> **INPUT RECORDS**:
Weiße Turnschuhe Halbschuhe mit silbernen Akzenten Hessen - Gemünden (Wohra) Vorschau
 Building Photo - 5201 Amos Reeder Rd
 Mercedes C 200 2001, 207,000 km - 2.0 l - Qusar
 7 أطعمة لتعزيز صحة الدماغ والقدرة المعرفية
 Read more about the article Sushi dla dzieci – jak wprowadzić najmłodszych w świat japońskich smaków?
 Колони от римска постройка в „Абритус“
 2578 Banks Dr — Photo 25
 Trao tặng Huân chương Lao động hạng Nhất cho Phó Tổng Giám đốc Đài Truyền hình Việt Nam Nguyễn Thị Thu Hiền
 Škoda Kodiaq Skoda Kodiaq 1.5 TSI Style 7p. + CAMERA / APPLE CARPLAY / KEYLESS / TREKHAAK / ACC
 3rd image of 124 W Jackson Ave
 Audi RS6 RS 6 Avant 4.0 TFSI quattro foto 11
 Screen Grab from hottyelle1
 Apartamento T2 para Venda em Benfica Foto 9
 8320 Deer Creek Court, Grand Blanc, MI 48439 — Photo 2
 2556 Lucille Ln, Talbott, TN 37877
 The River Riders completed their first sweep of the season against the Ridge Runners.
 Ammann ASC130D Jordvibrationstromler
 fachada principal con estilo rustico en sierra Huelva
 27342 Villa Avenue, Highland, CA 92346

> **THE TASK**: In the entries, find the line containing "Mercedes C 200" and output it and all remaining lines exactly.

> **EXERCISE SOLUTION**:
 Mercedes C 200 2001, 207,000 km - 2.0 l - Qusar
 7 أطعمة لتعزيز صحة الدماغ والقدرة المعرفية
 Read more about the article Sushi dla dzieci – jak wprowadzić najmłodszych w świat japońskich smaków?
 Колони от римска постройка в „Абритус“
 2578 Banks Dr — Photo 25
 Trao tặng Huân chương Lao động hạng Nhất cho Phó Tổng Giám đốc Đài Truyền hình Việt Nam Nguyễn Thị Thu Hiền
 Škoda Kodiaq Skoda Kodiaq 1.5 TSI Style 7p. + CAMERA / APPLE CARPLAY / KEYLESS / TREKHAAK / ACC
 3rd image of 124 W Jackson Ave
 Audi RS6 RS 6 Avant 4.0 TFSI quattro foto 11
 Screen Grab from hottyelle1
 Apartamento T2 para Venda em Benfica Foto 9
 8320 Deer Creek Court, Grand Blanc, MI 48439 — Photo 2
 2556 Lucille Ln, Talbott, TN 37877
 The River Riders completed their first sweep of the season against the Ridge Runners.
 Ammann ASC130D Jordvibrationstromler
 fachada principal con estilo rustico en sierra Huelva
 27342 Villa Avenue, Highland, CA 92346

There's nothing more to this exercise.